Improving Wetlands Using Holistic Grazing of Dairy Cattle and Low Impact Crossings

Project Overview

FNC15-1012
Project Type: Farmer/Rancher
Funds awarded in 2015: $7,216.00
Projected End Date: 02/15/2017
Grant Recipient: Darby Springs Farm
Region: North Central
State: Nebraska
Project Coordinator:
Crystal Powers
Darby Springs Farm

Annual Reports

Information Products

Carbon Farming presentation (Conference/Presentation Material)
Wetlands grazing presentation (Conference/Presentation Material)
Farm and wetland scavenger hunt (Conference/Presentation Material)

Commodities

  • Animals: bovine
  • Animal Products: dairy

Practices

  • Animal Production: grazing management

    Summary:

    • Project Duration: March 2015 – January 2017
    • Date of Report: January 31, 2017

    PROJECT BACKGROUND

    Darby Springs farm raises pastured dairy cattle, laying hens, and broiler chickens.  When the project began we were grazing 7 acres of upland pasture with 3 dairy cows, 300 seasonal broilers, and 50 laying hens. It is owned and operated by William and Crystal Powers. We use holistic grazing to plan out the daily rotations.

    PROJECT DESCRIPTION

    GOAL:

    The goal of our project is to examine the economic and environmental viability of grazing wetland acres.

    PROCESS

    We had two main aspects to the project: 1) Wetland grazing, 2) Using walkways to cross wetland areas.

    Wetland grazing

    We wanted to determine if the sedge meadows and cattails of our wetlands could be grazed while maintaining cattle productivity and while improving the wetland area.  We needed to learn:

    1. How far into the cattails we would be able to get the cattle without the cattle getting stuck
    2. How much of the sedges, reed canary grass, and cattails could the cattle eat without losing productivity
    3. Would the ground get too mucked up, hindering regrowth
    4. How would the grazing impact the water & soil quality, plant species, and insects.

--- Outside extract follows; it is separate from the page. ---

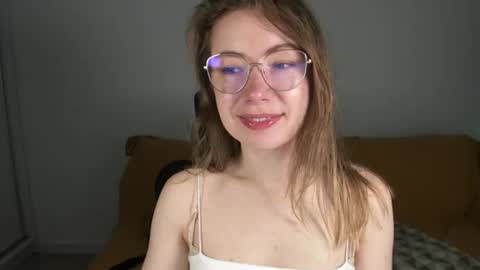Snapshot of mia_luxx92 chatting on July 23, 2026, 7:06 am Mia online show from July 23, 2026, 7:06 am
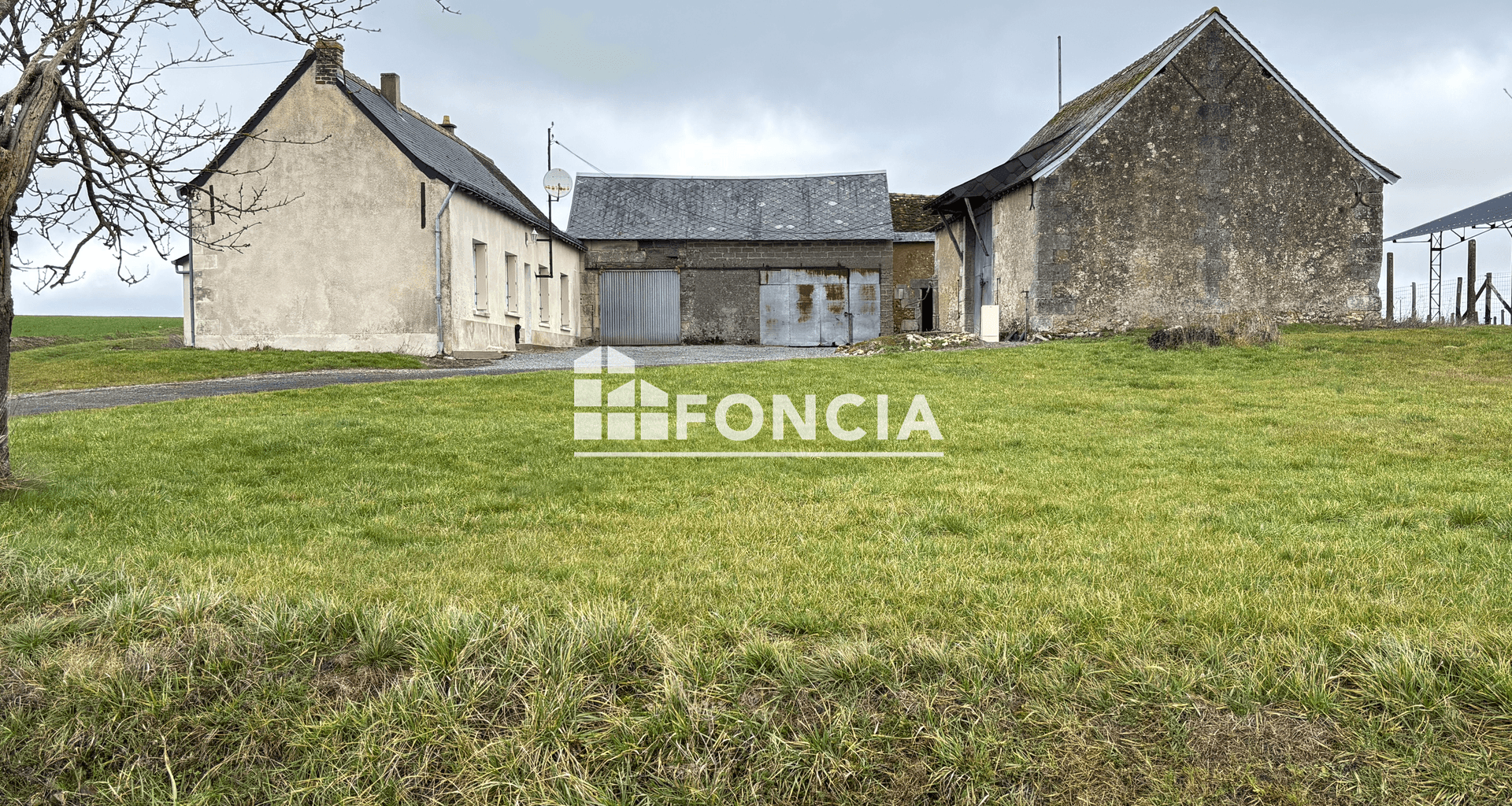 Maison 3 pièces (170 m²) à vendre - Neuillé-pont-pierre (37360)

    We were conservative in our grazing plan, with the goal of 45+ days of regrowth before grazing any location for a second time.  To be able to see differences we set up some different areas: no grazing, single short duration (4-8hrs) graze (some early season, some late), two short duration grazes (45 day recovery between), and a 1 week continuous graze. We started out with each wetland paddock containing enough dry area that all the cattle could lay on a dry spot. Initially the wetland acres were alternated with upland paddocks, later we tried several days of continuous sedge meadow at different times in the season to see if they could maintain on those paddocks.

    We waited to start grazing until the grasses were approximately 6” tall. The goal was to graze approximately 30% of the available forage with 12 hour moves.  As we moved into summer, we found that the cattle preferred the wetland acres in the hotter times of the day, so during our second grazing, the cattle were given a wetland only paddock for 4-6 hrs.  On the hottest days (above 90 degrees), the cattle were moved to a paddock with shade from approximately noon until 7pm.

    The cattle were initially allowed to decide how far into the wetlands they wanted to graze.  After we had to pull a cow out of the mud, we were more restrictive in some of the paddocks.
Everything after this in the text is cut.